Make This: The Carbon Bar's Mac & Cheese

This comforting recipe from Executive Chef Hidde Zomer’s Super Bowl menu is everything the perfect mac & cheese should be: indulgently saucy, boldly cheesy (there are three different kinds!) and satisfyingly crispy on top. To save time, you can make the Mornay sauce a day ahead, so you don’t have to wait long for that ooey-gooey goodness when a craving strikes.

Make This: Carbon Bar's Mac & Cheese

Ingredients

Mornay Sauce

  • 100 mL all-purpose flour
  • 100 mL unsalted butter
  • 1.2 L 3.25% homo milk
  • 2 bay leaves
  • 1 tsp black pepper corns
  • 4 sprigs fresh picked thyme
  • 1 cup grated gruyère cheese
  • 1 cup grated aged cheddar
  • 1 tbsp kosher salt

Mac & Cheese

  • 400 g dry pasta (such as orecchiette or elbow macaroni)
  • 1 L Mornay sauce (see above recipe)
  • 1 cup grated gruyère cheese
  • 1 cup grated aged cheddar
  • 1 cup grated mozzarella
  • 2 cups smoked diced ham
  • 2 tsp canned chipotle puree
  • 1 cup of dry bread crumbs
  • table salt
  • black pepper

Method

Mornay Sauce

To make the roux, melt the butter in a round Dutch pot, then add the flour and mix until all is well incorporated. Continue cooking the mixture on low heat for about five minutes, making sure to stir the roux every few minutes. The resulting roux should be blonde in color.

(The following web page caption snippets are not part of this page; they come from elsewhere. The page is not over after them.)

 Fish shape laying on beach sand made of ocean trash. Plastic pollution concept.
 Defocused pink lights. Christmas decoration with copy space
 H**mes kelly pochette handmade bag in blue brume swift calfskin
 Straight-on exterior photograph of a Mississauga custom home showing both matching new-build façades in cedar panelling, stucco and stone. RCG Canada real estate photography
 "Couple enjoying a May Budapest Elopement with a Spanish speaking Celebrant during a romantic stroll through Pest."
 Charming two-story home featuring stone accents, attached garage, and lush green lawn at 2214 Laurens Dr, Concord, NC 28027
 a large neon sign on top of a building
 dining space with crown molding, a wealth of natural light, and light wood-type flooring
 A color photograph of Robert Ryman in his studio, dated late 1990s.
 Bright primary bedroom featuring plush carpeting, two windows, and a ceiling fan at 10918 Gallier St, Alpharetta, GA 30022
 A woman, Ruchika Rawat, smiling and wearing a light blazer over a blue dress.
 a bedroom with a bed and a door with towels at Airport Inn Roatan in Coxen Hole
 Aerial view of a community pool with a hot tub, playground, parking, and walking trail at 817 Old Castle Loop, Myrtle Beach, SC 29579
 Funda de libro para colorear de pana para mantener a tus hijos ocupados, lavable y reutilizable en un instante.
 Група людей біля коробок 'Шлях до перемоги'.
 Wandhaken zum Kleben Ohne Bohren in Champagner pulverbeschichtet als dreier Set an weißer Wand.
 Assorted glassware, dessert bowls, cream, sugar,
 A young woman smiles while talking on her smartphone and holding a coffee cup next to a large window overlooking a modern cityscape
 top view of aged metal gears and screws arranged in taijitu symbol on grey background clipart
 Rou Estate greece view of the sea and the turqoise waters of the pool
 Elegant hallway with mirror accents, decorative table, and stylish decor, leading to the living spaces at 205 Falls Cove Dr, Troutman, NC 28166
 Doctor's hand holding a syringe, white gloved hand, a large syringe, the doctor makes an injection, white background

Heat up the milk separately with the bay leaves, pepper corns, and thyme. Steep for 10 minutes at a low simmer. Remove the sprigs of thyme and bay leaves and add the milk slowly into the pot with the cooked roux, stirring constantly with a whisk until all the milk has been incorporated. Continue to cook the sauce gently until it thickens, stirring every few minutes with a wooden spoon to prevent burning on the bottom of the pot. Mix in the cheeses and add the table salt and taste, add a touch more if needed.

Mac & Cheese

Preheat the oven to 350°F. Cook the pasta in large pot of boiling water for nine minutes, making sure the finished noodles are al dente. Strain the pasta through a colander and let cool on large baking tray. Add a little olive oil to prevent the pasta from sticking. Set aside a bit of each of the three cheeses to sprinkle on top at the end. Place the cooled pasta in a mixing bowl, and add the mornay sauce, chipotle, diced smoked ham, and the rest of the cheeses. Mix all the ingredients together. Add the salt and pepper to taste (it should be well seasoned and a bit peppery).

Divide the mixture into the 6 smaller baking dishes or one large baking dish. Sprinkle cheese and bread crumbs on top. Bake for 20 minutes or until the top starts to look golden brown and delicious. Serve immediately.